Massive Food Aid Looting In South Sudan


Strife continues in South Sudan as food aid meant for South Sudanese were looted in the space of two days.

The food aid looting occurred as chaos reigned supreme in the eastern African country.

As forces loyal to President Salva Kiir and VP Riek Machar clashed in the capital of South Sudan, Juba, the main logistics centre of the United Nation’s World Food Programme which supplies aid to other parts of the country was being plundered.

SEE ALSO: Fresh South Sudan Fightings Between Rival Groups Have Begun

In a statement, WFP Deputy Regional Director Vernon Archibald said “WFP strongly condemns the theft of food intended for the poorest and most vulnerable people of South Sudan.

“While the extent of the looting is not yet clear, we fear that the loss of these vital food supplies will severely hamper WFP’s ability to assist the tens of thousands of people who have fled their homes because of the violence.”

Over 4,500 tonnes of food were stolen as well as the giant warehouses that stored the food aid.

The food aid was intended for vulnerable members of the community who have little or no access to food and water.

South Sudan has been trying for some time to stave off famine, the contentious environment has made many to flee their homes with little security and food. The UN Food programme, World Food Programme (WFP) has done its part in providing food to the war-torn South Sudan.

Fresh fighting began in South Sudan last weekend as the country celebrated its independence from Sudan. Both the government and former Rebel leader who have been in enmity for quite a while claimed to have no idea what was going on or who began the fight as they both ordered for a cease-fire. It would seem that some South Sudanese decided to take advantage of the chaos and anarchy to steal some food.

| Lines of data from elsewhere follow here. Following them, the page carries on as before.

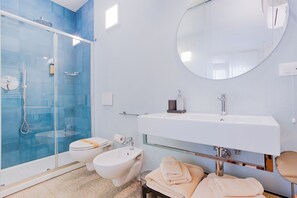 A modern bathroom with a glass shower enclosure, a white sink, and a round mirror. - B&B Fontanella32  (Porto Sant'Elpidio)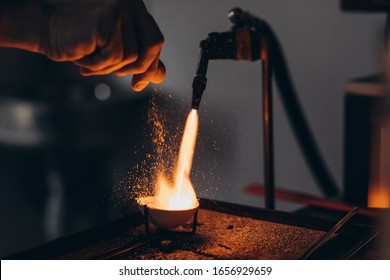 The master jeweler heats the metal for making jewelry - Shutterstock ID 1656929659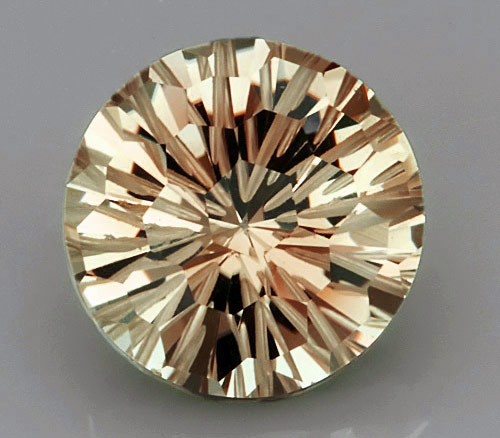 Желтый топаз авторской огранки "Universe" 9,4 карат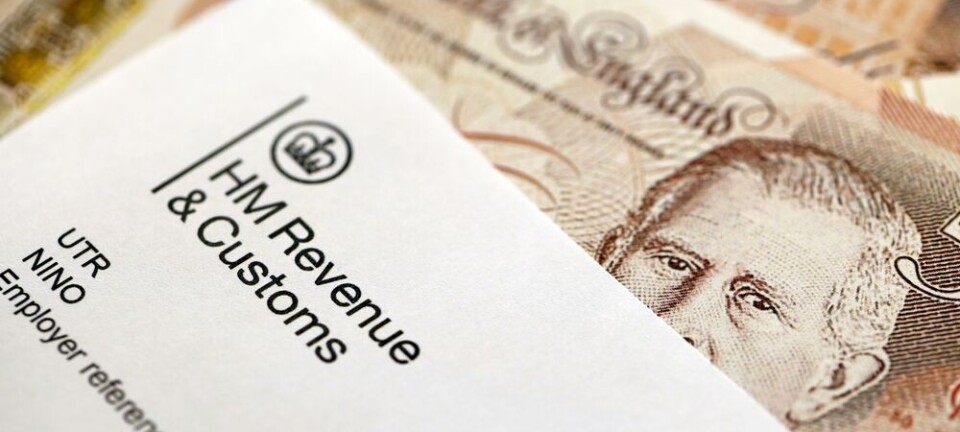HM Revenue and Customs document placed over British pound banknotes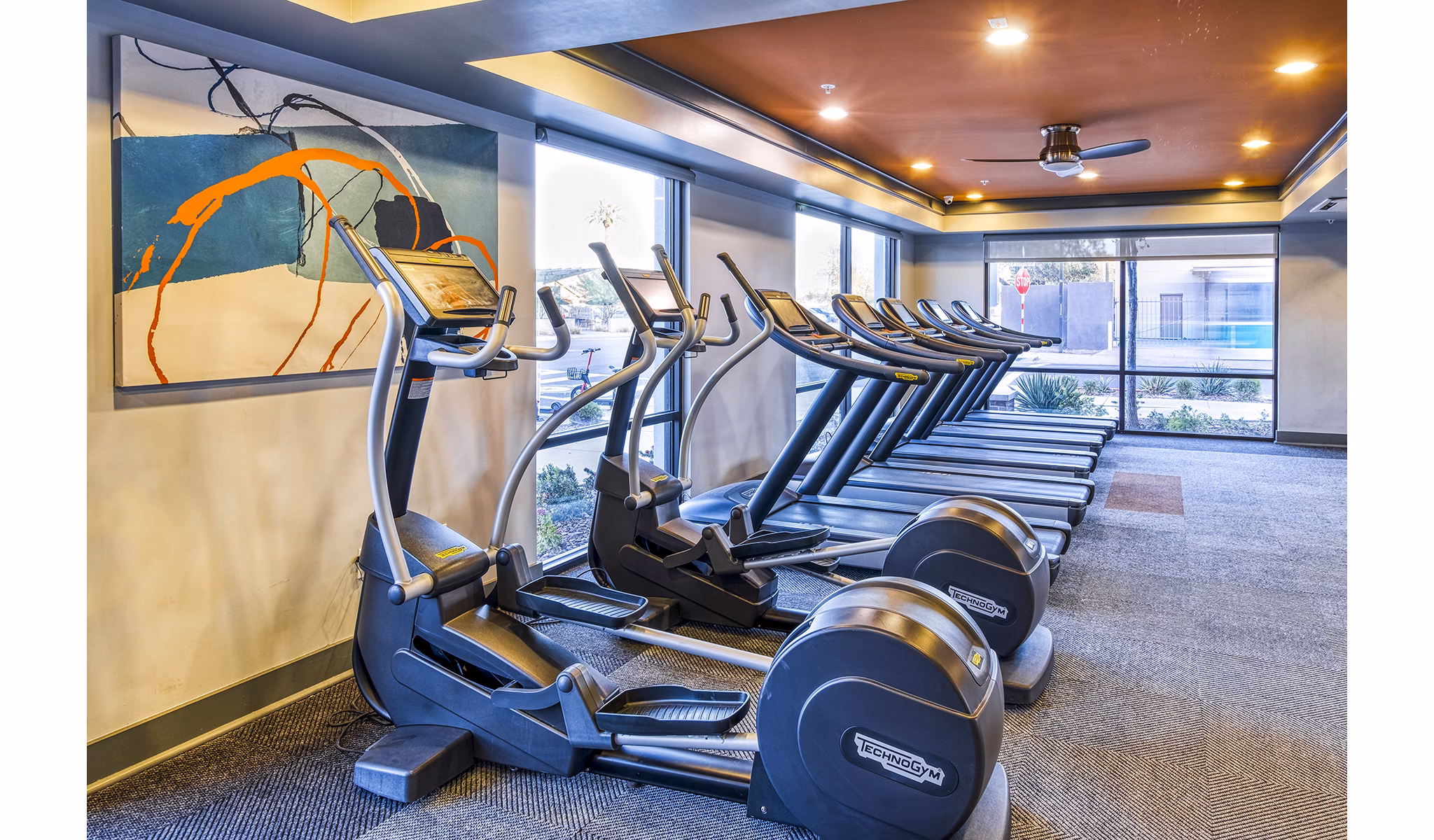 Fully-equipped fitness center with modern machines at 601 PAX Apartments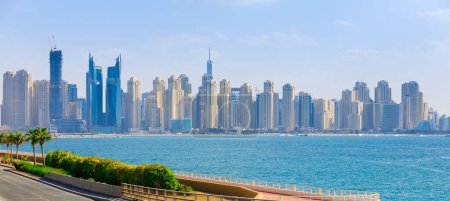 Téléchargez les photos : Vue panoramique du centre-ville de Dubaï avec palmiers et gratte-ciel. Journée d'été ensoleillée sur la côte de Dubaï. Dubaï est la destination touristique la plus célèbre des EAU. Endroit idéal pour voyager et se reposer de luxe - en image libre de droit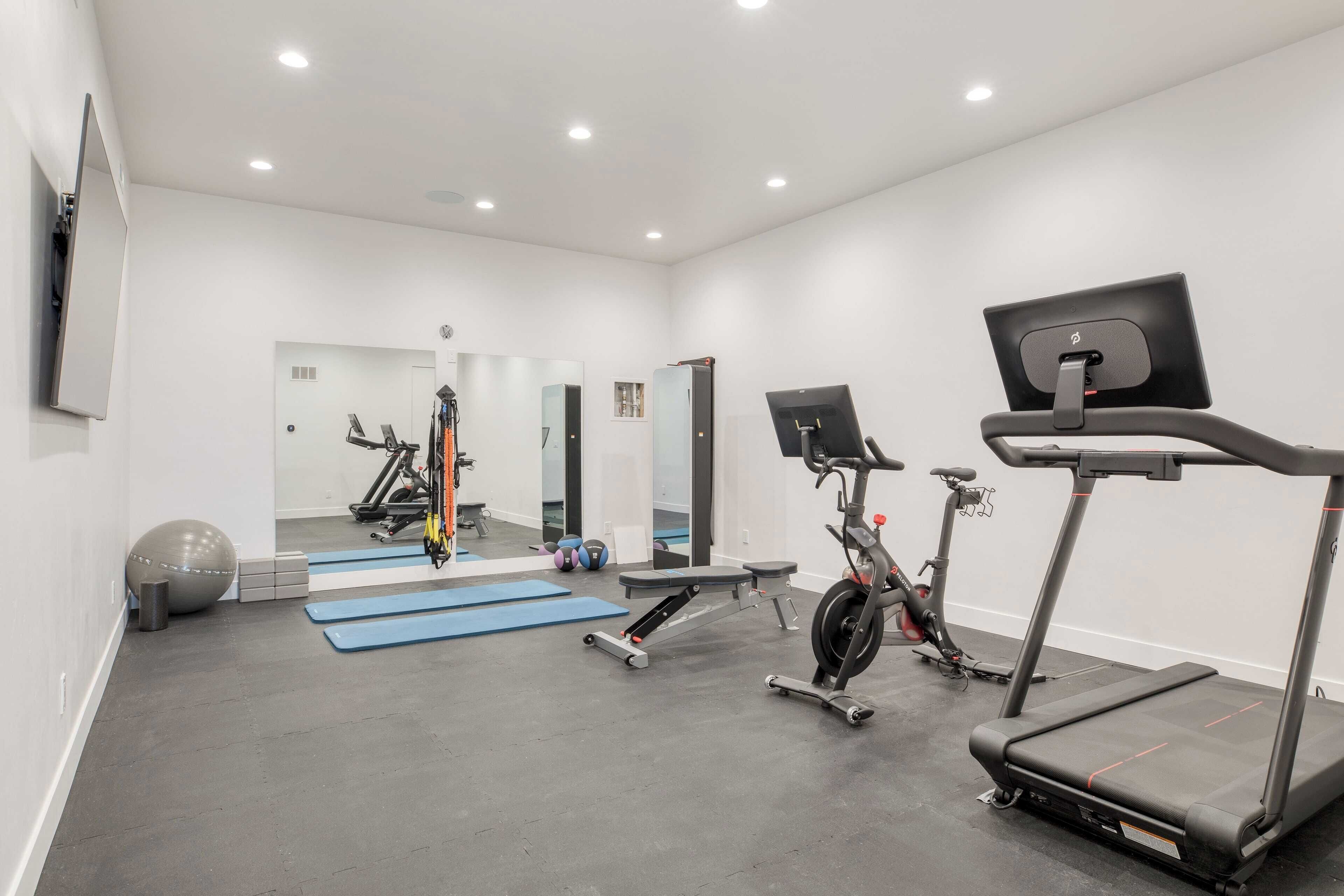 A modern gym with treadmills, stationary bikes, and exercise balls.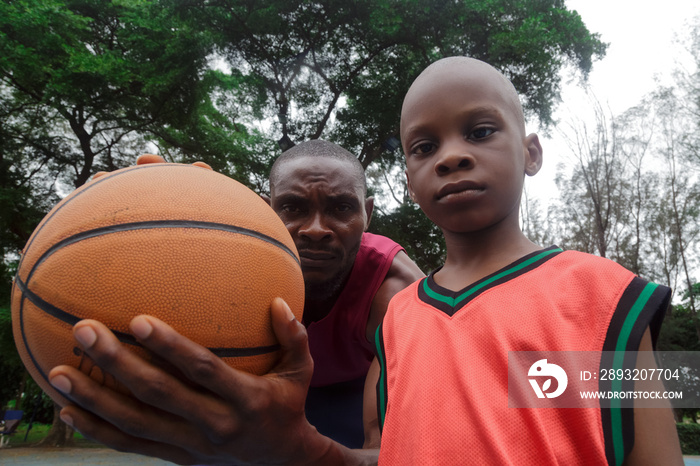 Boy standing beside father holding a basketball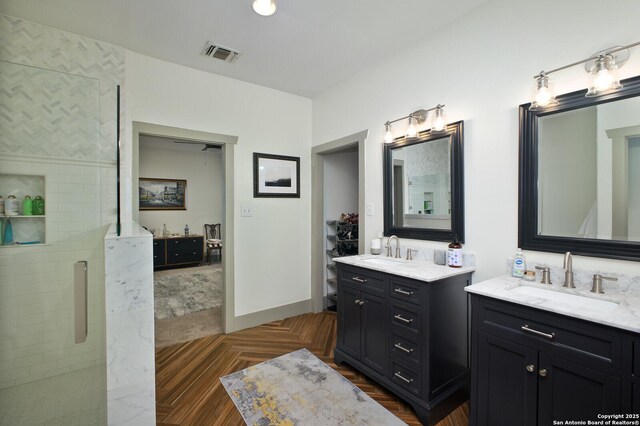 636 W Hollywood Ave, San Antonio, TX 78212 - full bathroom featuring two vanities, tiled shower, visible vents, and a sink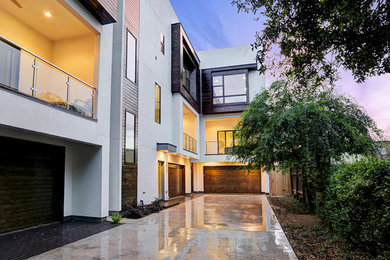 Inspiration for a large contemporary white three-story mixed siding flat roof remodel in Houston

SEE ALSO: Countries Are Evacuating Their Citizens From South Sudan As the Country Still Lies On The Brink Of War

Some UN officials have been ordered to relocate for their safety. The United Nations expressed its regret for the food aid looting in South Sudan but said it will not stop providing aid to the war-torn country.

A spokesperson for the United Nations peace-keeping mission in South Sudan (UNIMISS) said the organisation “will continue running critical operations to support the people of South Sudan, including protecting civilians and providing humanitarian assistance.”